ABOUT


Lionel Popkin is a choreographer/performer/art-maker who creates kinetic scenarios, intertwining the cultural multiplicity between the imagery and iconography of the Indian subcontinent that surrounded his youth and his post-modern Western training. His mixed-race and malleable identity markers place him in a questionable position within the racial and social discourse created from the twin sins of genocide and slavery that formed the dominant power structures in America. His work questions how bodies, objects, and media are allowed to exist in time and space.

Lionel started dancing late. He was born and raised in the Midwest of what is now called the United Sates to an Indian mother and a Jewish father. Boys in Indiana in the 80s were sent to tennis lessons. Their sisters took ballet. Lionel took his first practice class, his first dance composition class, his first improvisation class and his first dance theory class all in the same year. They spoke back and forth. Cultural theory and alignment are intimate neighbors. For a while he improvised a lot. In Seattle Lionel danced with Stephanie Skura and did a few projects with Karen Nelson. Contact and Skinner Releasing Technique were his mainstays. Imagery fueled him. Being unsure of what forms might show up in rehearsal kept him going back into the room. He spun in circles for a few hours every once in awhile. In 1996 he moved east and started dancing for Terry Creach in an all-male company. Lionel used his proprioceptive reflexes more than he thought was possible. He also started teaching a lot - at Bates College, Sarah Lawrence College, and Temple University to name a few.

In 2000, he got into the Trisha Brown Company. His technique improved. He learned how to calibrate his performance energy for big rooms. He studied Klein/Mahler technique whenever he could. He learned repertory. He spent more time in opera rehearsals than he expected to. September 11th happened. When the airports opened up again Trisha insisted on walking through the terminal arm in arm with him. She understood bodies. She knew an old white lady could help a brown guy get through security.

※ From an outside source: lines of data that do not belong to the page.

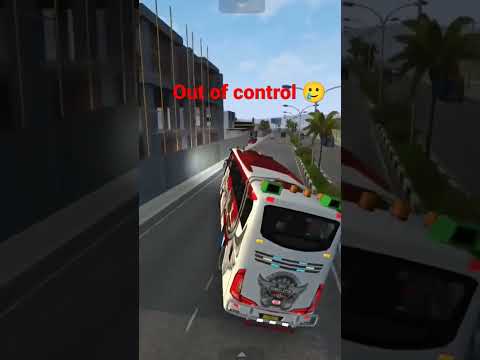Bus simulator Indonesia || Out of control 🥲 Android gameplay || #viral #bus #gaming #youtubeshorts 🔥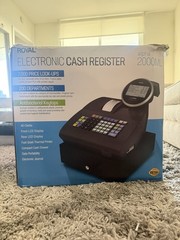 Royal Alpha 2000ML Electronic Cash Register 89396T Antibacterial Keytops LCD LED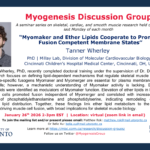 Myogenesis Discussion Group - Jan 26 2026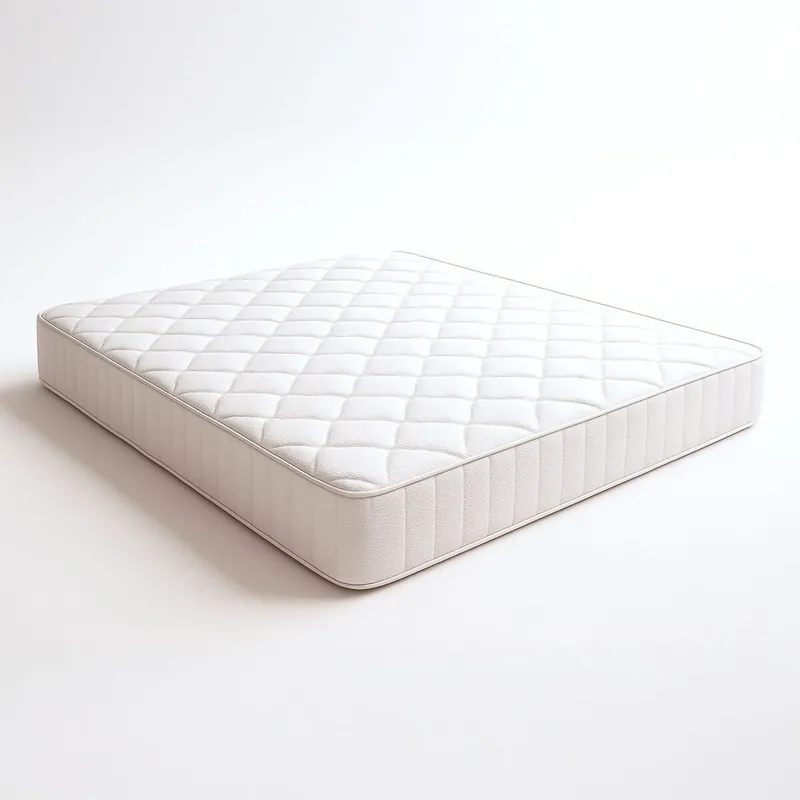 The White Stone Colchón Ignífugo 80x190 en Memory Foam Altura 20 cm | Ortopédico | Revestimiento Anallérgico y Antibacteriano | Fabricado en Italia - Descanso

During the decade from 2004-2013 Lionel made works that dealt with cross-cultural conversation between his post-modern training and the imagery and iconography of the Indian subcontinent that surrounded his youth. At one point he wore an elephant head, at another he put on his mother’s saris. He likes to think he looked good in both. Early in that adventure he went olfactory and cooked a curry on-stage. He had some kick ass collaborators (Bob Een, Carolyn Hall, Ishmael Houston Jones, Guy Klucevsek, and Peggy Piacenza to name a few) and was presented in a lot of amazing spaces (including Danspace Project, Abrons Arts Center and Dance Theater Workshop in New York City, The Getty Museum, the Skirball Cultural Center and REDCAT in Los Angeles, the Jacob's Pillow Inside/Out Series, The Painted Bride and Philadelphia Dance Projects in Philadelphia, ODC in San Francisco, The Place Theater in London, and the Guongdong Modern Dance Festival in Guongzhou, China). He even danced so much that he had to replace his shirt halfway through a tour.

From 2013-2019 Lionel made works that revolved around the uncertainties within the domestic space. Inflatable furniture inhabited public parts and fancy galleries in one series of works. An exile’s dilemma became the subject of another work based on Sophocles’ Oedipus/Antigone trilogy as a tent and a lantern led Lionel and his collaborators through the theater at the Getty Villa in Malibu, CA. Since 2019, Lionel has moved into a residency at the performance/visual art focused 18th Street Arts Center. He began an archival examination of the objects from his own history alongside questioning how brown bodies have occupied American stages. Then the pandemic hit and the introversion multiplied. The installation/film Six Positions on Uncertainty and the Jacob’s Pillow podcast The Complexities of Indian Dance at the Pillow grew out the current process. The overall project, Orientation Events will premiere in the 2023-24 season with the help of a National Performance Network Creation Fund Award and is co-commissioned by REDCAT ion Los Angeles and Dance Place in Washington, DC.

Since 2006 Lionel has taught at UCLA. Teaching allows for a continual questioning of any and all assumptions he has about performance. The students keep him on his toes. Lionel has also received grants from multiple sources including the National Performance Network's Creation Fund, the National Dance Project Touring Subsidy, the Center for Cultural Innovation, the Puffin Foundation, the Doris Duke Charitable Foundation, and the Durfee Foundation. He is planning on this list getting longer in the near future.